Ntando frequently shares moments with Sbahle on her social media platforms, highlighting their close bond and mutual support.

Sbahle has pursued entrepreneurial work, and her mother, Ntando, has supported her endeavours.

In February 2025 she married Grammy award-winning Songwriter and musician Una Rams She later welcomed her second child with husband in July 2025 shortly after revealing she was married. In late July Rambani revealed she welcomed her second child a baby girl and their first with her husband Una Rams.

==Career==

===Television===
Rambani's entertainment career began in June 2014 when she joined e.tv's Craz-e as a presenter. She later secured a role in Rhythm City as Zinzi Dandala, which significantly elevated her profile in South African television.

In 2020, Rambani joined the cast of the popular telenovela ‘‘The Queen’’, portraying the character Mpho Sebata. However, in June 2021, it was announced that she would be leaving the production to pursue new opportunities.

In 2023, Rambani joined the cast of the historical drama series ‘‘Shaka iLembe’’, portraying Queen Bhibhi kaSompisi, the ninth wife of Shaka’s father, Senzangakhona. Her performance as Bhibhi has been described as a role that audiences “love to hate,” highlighting her ability to captivate viewers with complex characters.

Rambani expressed her gratitude for the opportunity, sharing her excitement about joining the series and her appreciation for the role.

“Shaka iLembe” premiered on June 18, 2023, on Mzansi Magic, and quickly became a significant success, attracting 3.6 million viewers in its first week, setting a record for the channel.

The series has been acclaimed for its storytelling and production quality, earning 17 nominations at the South African Film and Television Awards (SAFTAs) in September 2024, and winning 12 awards, including Best TV Drama.

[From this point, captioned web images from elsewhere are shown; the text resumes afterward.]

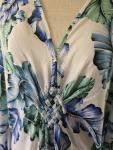 Tropical Floral Kaftan Dress in White and Blue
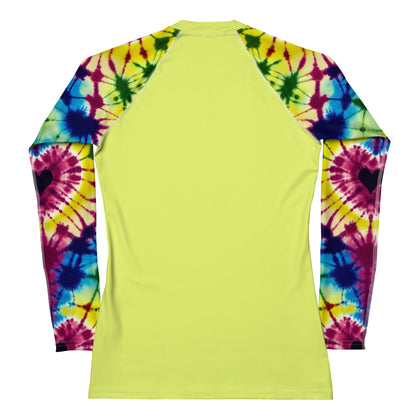 Women's Rash Guard- Tie dye Hearts Yellow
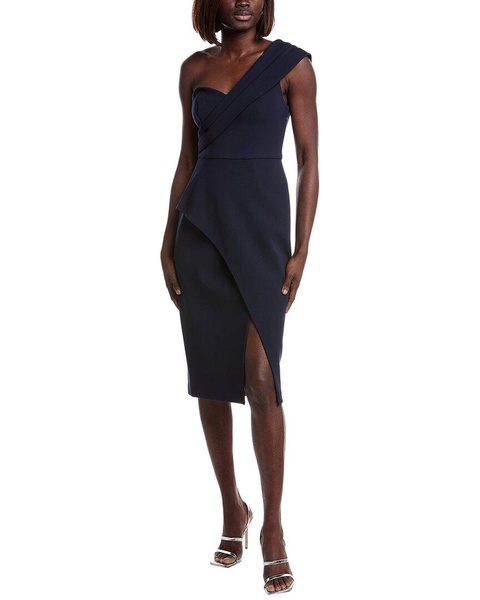 bonded crepe midi dress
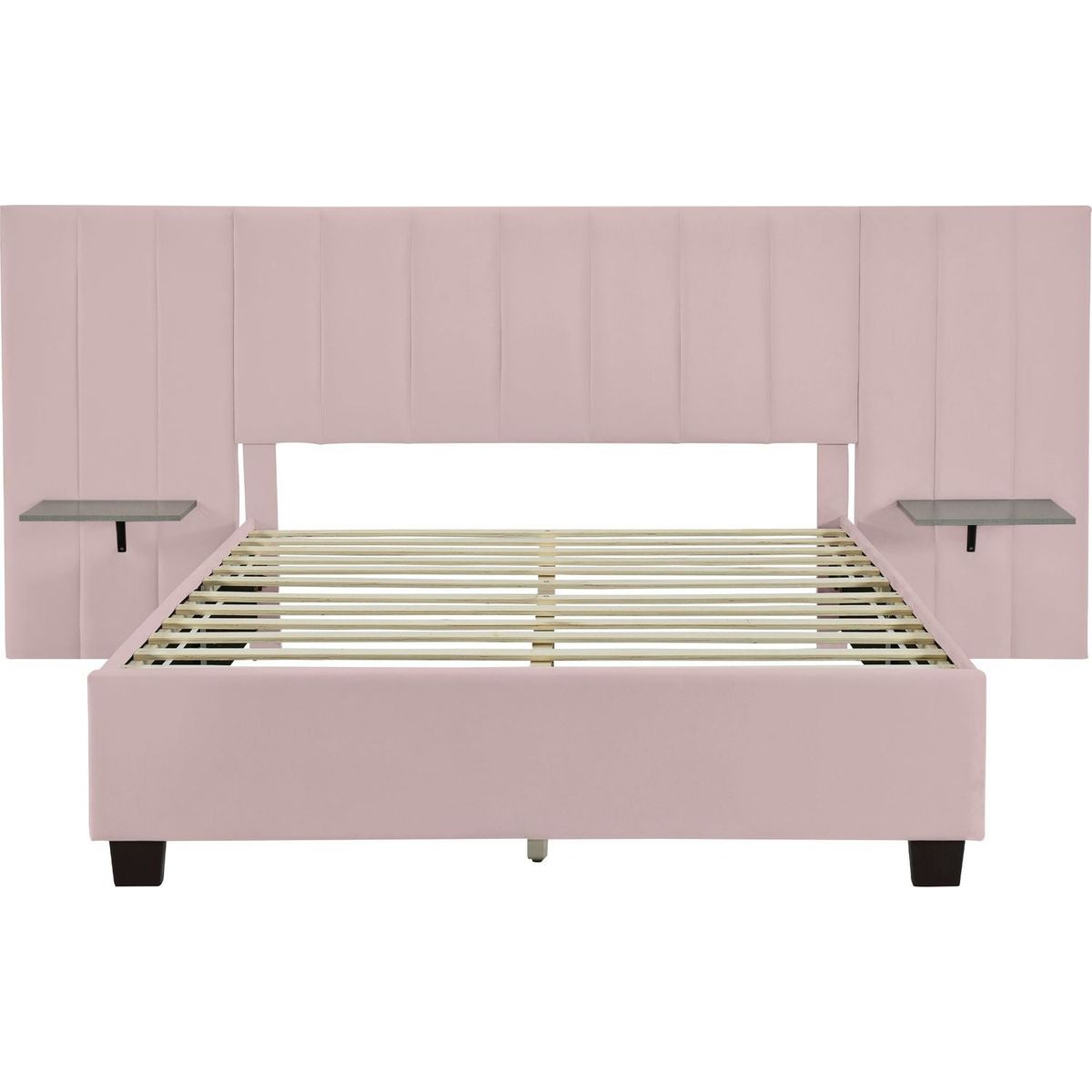 Queen Size Upholstered Platform Bed with Big Headboard, Bedroom Furniture, Velvet, Pink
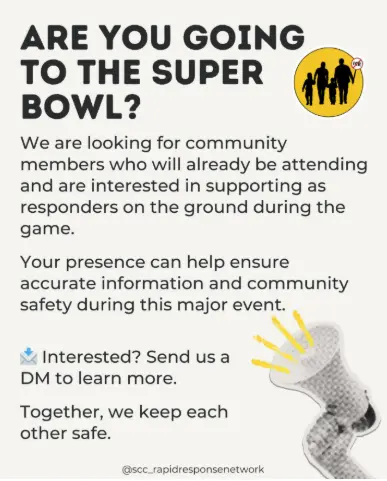 Santa Clara County Rapid Response Network busca miembros de comunidad que apoyen y protejan a quienes se sientan vulnerables al acudir al Super Bowl (Facebook).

Rambani's involvement in “Shaka iLembe” further solidifies her status as a prominent figure in the South African entertainment industry, showcasing her versatility and commitment to diverse roles.

===Modelling===
She has established herself in the fashion industry, participating in notable events including the Soweto fashion week runway shows in 2015 and 2017.

== Philanthropy ==
Rambani founded the Inspire A Teen SA Foundation, focusing on youth empowerment across South Africa. She has initiated various community projects, including the "Keep A Child Warm" campaign, which provided blankets to orphanages in Johannesburg.